The ET data were derived from the Global Land Evaporation Amsterdam Model (GLEAM) version 3.6a data set, at a resolution of 0.25° by 0.25°, from 1982 to 2019 [37,38]. The GLEAM product algorithm consists of four modules: the rainfall interception module, soil module, potential evaporation module, and stress module [37]. It considers four surface land types: tall vegetation, low vegetation, water body, and bare soil. The data used by GLEAM are mainly from satellite observations, including radiant flux, soil moisture, precipitation, and temperature data, vegetation optical thickness data, and snow water equivalent data. The product considers the process of snow sublimation, improves the algorithm for soil layer drainage simulation, and obtains the moisture of different soil layers according to the melting of snow water.

The CDR AVHRR NDVI data were obtained from the National Science Data Center from 1982 to 2019, with 0.05° × 0.05° degree resolution (http://www.geodata.cn/, accessed on 14 July 2022).

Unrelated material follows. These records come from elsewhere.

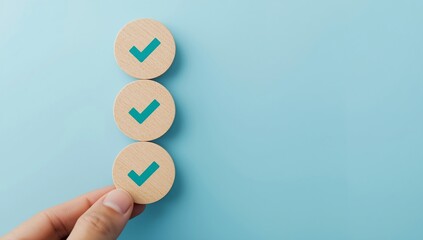 Hand placing a wooden circle with a check mark symbolizing approval and task completion on a blue background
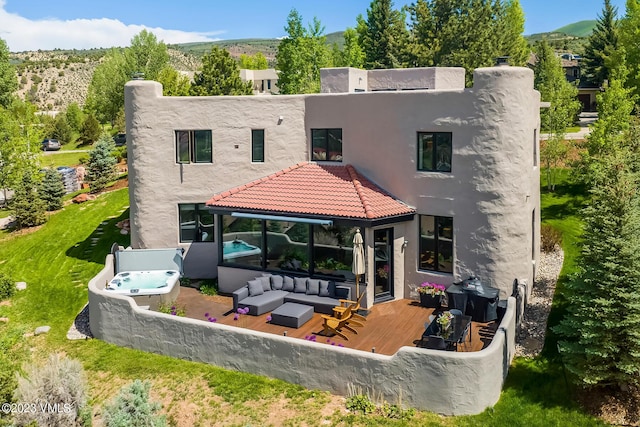 767 Charolais Cir, Edwards, CO 81632 - back of house featuring stucco siding, a deck with mountain view, and an outdoor living space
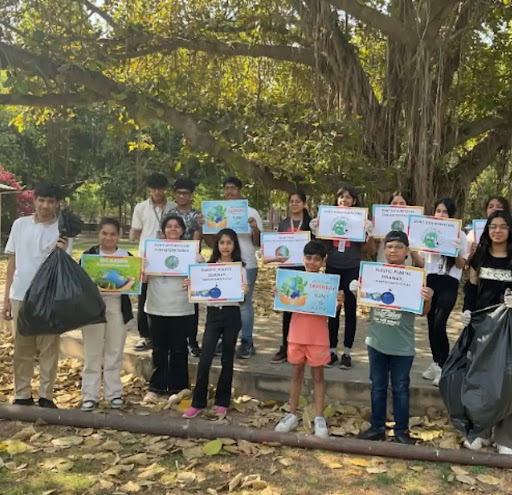 Students with eco-awareness posters during cultural immersion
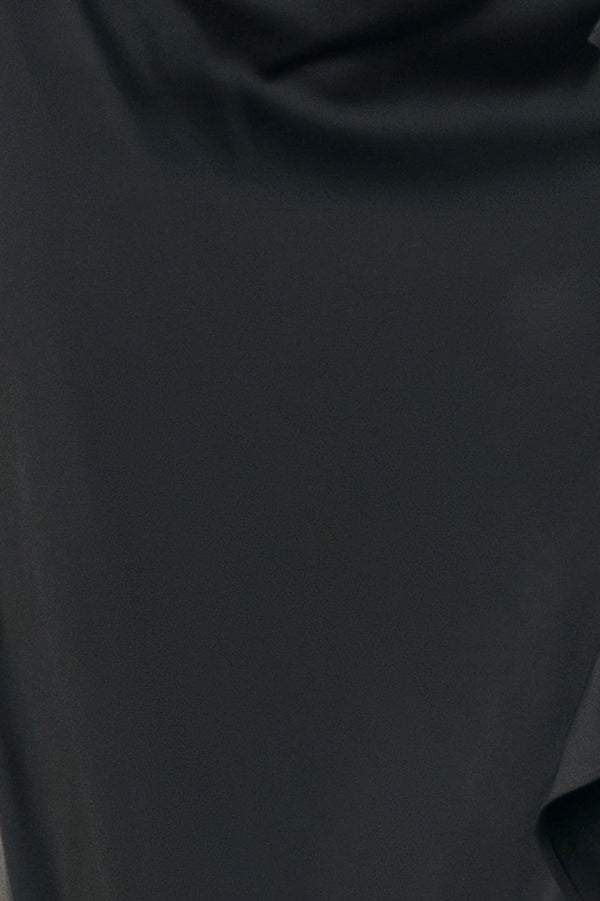 A black midi skirt with a draped, gathered waist and cascading ruffle detail along the side, shown on a model | FREEMARKET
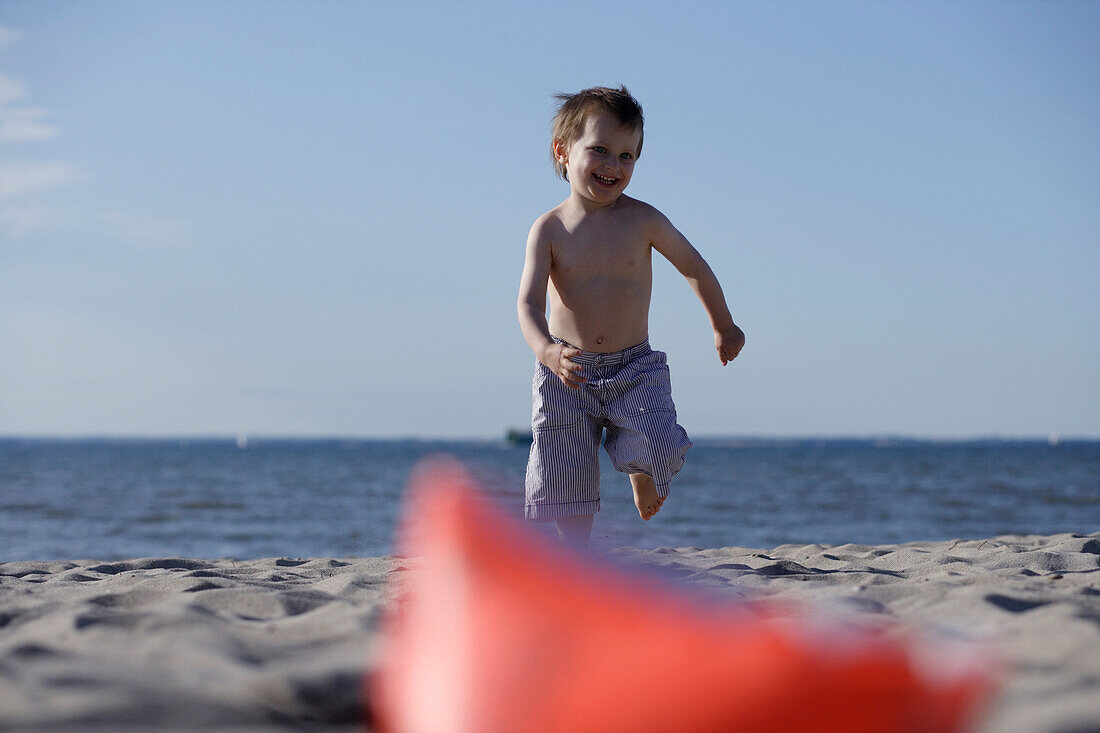 Boy running over sandy beach, Baltic Sea, Travemuende Bay, Schleswig-Holstein, Germany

This data set is based on NOAA CDR AVHRR NDVI V5 data. The rgee package of R language was used to call the Google Earth Engine service for processing, and the terra package of R language was further used for band fusion, clipping, and other processing [39,40]. In this study, the maximum value composition (MVC) method was used to obtain the maximum yearly NDVI data, which eliminated the influence of cloud haze and the uncertainty caused by the difference in crop phenology to a large extent [41].

The observed meteorological data (temperature and precipitation) were derived from 2472 meteorological stations across China from 1982 to 2019, with a spatial resolution of 0.5° × 0.5° (https://data.cma.cn/, accessed on 10 January 2021). The observed meteorological data are obtained from the National Meteorological Information Center of China’s Meteorological Administration. The dataset was obtained based on the data of 2472 meteorological stations, using thin plate spline (TPS) interpolation combined with 3D geospatial information. The streamflow data were recorded by 38 hydrological stations across China from 1982 to 2019.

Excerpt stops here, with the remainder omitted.